There are at least two details that I’m concerned about.

One is “symbols”, the scope names that can appear in an expression:

gross_pay = salary + bonus

We do know how to get a value from a field, but in our expressions so far, we have never done it. So there could be dragons or possibly sea monsters lurking there, but I don’t expect any big issues. It’s just not done yet.

The second issue is data types. In access to real-world data, we are most likely to encounter only alphanumeric fields. But there are exceptions, such as the possible COBOL file containing packed decimal or double precision floating point. Our XSets can contain fields of any hashable type, and we actually have some tests where we use numbers, at least integers. Our expression tests of the past day or so even include a 37.5 if I’m not mistaken.

However, that 37.5 is presented as a string. If I am not mistaken, which assumes facts not in evidence, the current RPN experiment converts values from string to numeric, and pushes them back on the stack as numbers. I kind of wonder how that even works. I’ve made a note to look into that. I think we need to make a reasonable decision here, recognizing that on some future day, and that day may never come, we’ll be called upon to do something more robust. My current guess is that we’ll assume alpha in and alpha out, and try to deal with numbers in, still with alpha out.

Neither of these issues is serious but we do need to keep them in mind so that they’re dealt with, and in a reasonable fashion.

Tentative Plan

I think we need an Expression object that contains a parsed expression such that we can pass a record in and get a new element and scope out. That will mean that our expression parsing will need to deal with the gross_pay= part of things, which it currently does not.

Our lexing and parsing object will be responsible for producing an Expression. We’ll know more about that after we work out what the Expression needs to be. We’ll TDD that and then reassess.

But first, let’s get started by figuring out how numbers are going in and out of this thing.

That answer turns out to be easy! I love it when things are easy! Let me describe the code and then we’ll look at it.

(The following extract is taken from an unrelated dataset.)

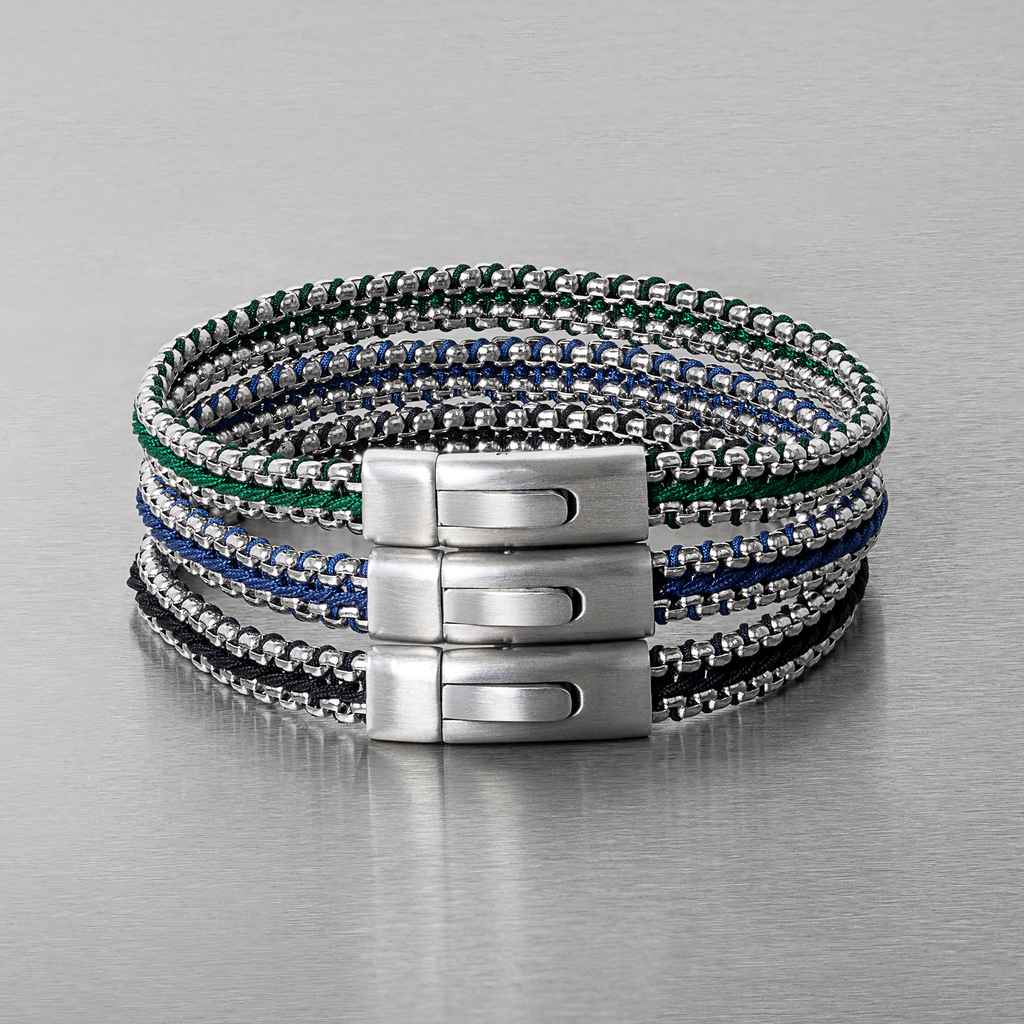 Tris Button Bracelet In Green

The interpreter receives a list of strings representing the parsed expression converted to Reverse Polish Notation, such as

'21', '2', '*'

It runs that list through its make_executable function, which converts that list to a series of executable steps. The executable step for an operation, like ‘*’, is to pop two items off the interpreter’s stack and multiply them., pushing the result onto the stack. The executable step for an operand, like ‘21’, is to convert it to a number and push it onto the stack. After all is said and done, there is one number left on the top of the stack, and it’s the answer.

What makes it work when we push a number back onto the stack instead of a string is that our to_number function converts numbers back to themselves:

def to_number(string):
    try:
        return int(string)
    except ValueError:
        return float(string)

It turns out that int(42) is 42, int(37.5) raises an exception, and float(37.5) is 37.5. Yes, I have tests for that.

Nonetheless, I think our rule for the new Expression will be that it converts to number, does the math, and converts the result back to string, so that our records will be all string fields until further notice.

Expression Object

Let’s drive out an Expression object based on the code we have now, which looks like this:

We convert the input line to tokens with lex:

def lex(expr):
    no_space = expr.replace(' ', '')
    rx = '([^a-zA-Z0-9.])'
    return re.split(rx, no_space)

This rips out spaces, which we do not like, and then splits the line on non-alphanumeric values, capturing them. I freely grant that I found this on stack overflow or some such place, but it is tested and does what we need.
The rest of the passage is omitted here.